Editor’s note: This is the fifth in a series of essays or reflections about “The Republic,” a book written two and a half millennia ago by the great philosopher Plato.
What is justice? Before Socrates could even begin to answer this question, his friends confronted him with another problem that any adequate account of what justice is must solve. We all agree that justice is good, but what sort of good is it? Is it good because it is useful or necessary to some higher purpose, or because it is something valued for its own sake, like health or beauty, or is it both of these?
The friends, who by the way are Plato’s older brothers, Glaucon and Adeimantus, and who are Socrates’ principal interlocutors through the rest of the dialogue, wish that it were the latter, for something that is both useful and valued for its own sake is the best sort of good, a supreme good. However, they fear justice belongs to the first and worst sort of good. They worry that is like a bitter pill, or like dieting or exercise to keep trim and fit, or like rules that we obey grudgingly or out of fear of punishment, rules that prevent us from doing things we would prefer to do if we could do them with impunity, and we feel a mixture of envy and resentment towards those who live selfishly and get away with it, who always do what serves them best and are never called to judgment.
Thus, it may be that injustice is what we all really desire, and that justice is merely something we need to avoid suffering injustice at the hands of other persons.
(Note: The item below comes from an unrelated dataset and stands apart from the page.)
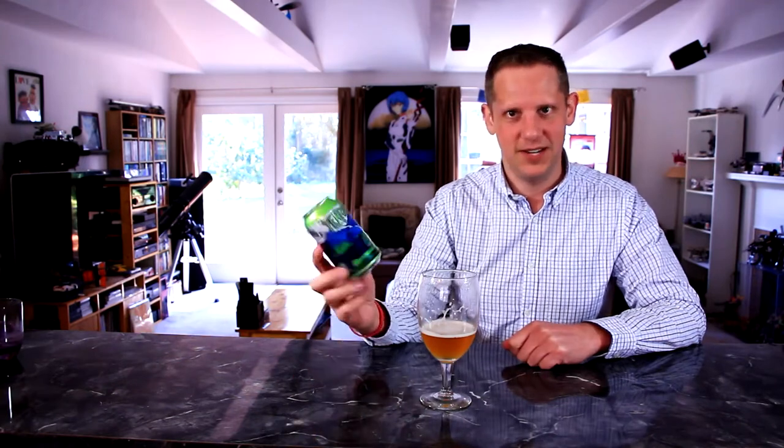For this Terrapin Recreation Ale I'm really impressed — it really does something different and I'm going to give it a 9 out of 10. I really enjoyed it and will definitely be buying this again once the weather warms up. Perfect for outdoors, perfect for taking somewhere. It's in a can, not a glass container, so it's going to stay fresher without light hitting it. Just good all around — really impressed. 9 out of 10.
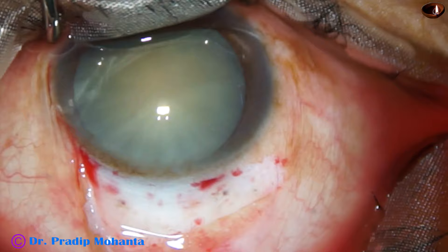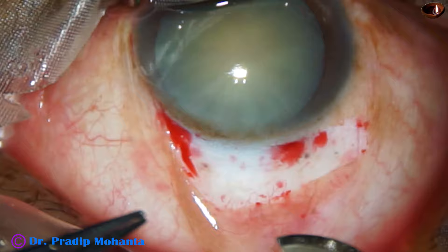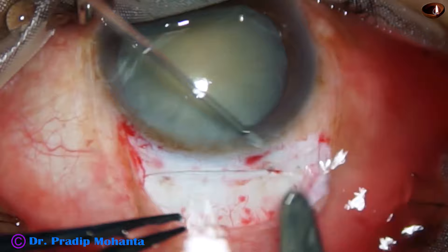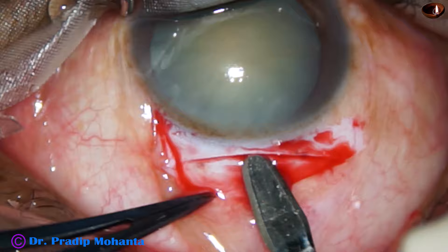Now is the time to place the incision. I take a Bard-Parker blade number 15 and place the initial incision. This is about one-third depth of the sclera — you cannot teach this, it is just a judgment. Beginners can use guarded knives for placing the initial incision. Now, this is a crescent blade. I am making the depth equal all around so that making the tunnel becomes easier.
Justice in this latter sense is a remedy, a compromise between what is best, which is freedom to do what seems best for oneself, unrestricted megalomaniacal self-indulgence, and what is worst of all is to suffer injustice or to live in never-ending fear of it.
One must be very clear about the issue that Socrates’ friends are addressing. It is not a question whether we humans are by nature just or unjust, but whether justice is a mere expedient and unpleasant remedy of the chronic ills we humans are heir to, or whether it is something that we love and desire for its own sake and hence seek after, and which, when discovered is able to make us perfectly happy.
It sounds religious, but it is not. It is philosophical in a Socratic sense. What sort of thing, then, is Justice? It is an idea. It is an intelligible something that the mind is able to discover, examine and understand, and apply to all of life’s circumstances, but only by means of rational learning.
But I am getting ahead of myself. Return to happiness. The question is whether justice is a sufficient cause of happiness, whether by knowing what justice is and being just, and, perhaps, only in this way, we will be happy. Well, what is happiness? The Greek word commonly translated “happiness” is eudaimonia, which literally means having a good divine presence. Among its related meanings are having good luck and the sense of satisfaction comes with it, or a good conscience, or an exuberant feeling, an elevated sense of wellbeing, a joy of living, of sitting on top of the world. If happiness is all these things, can we suppose that knowing what justice is and becoming just will give us all these things? Once again, justice is not a reward that is superadded to living justly, rather it is an essential part of the experience of being just; doing justice must be enjoyable.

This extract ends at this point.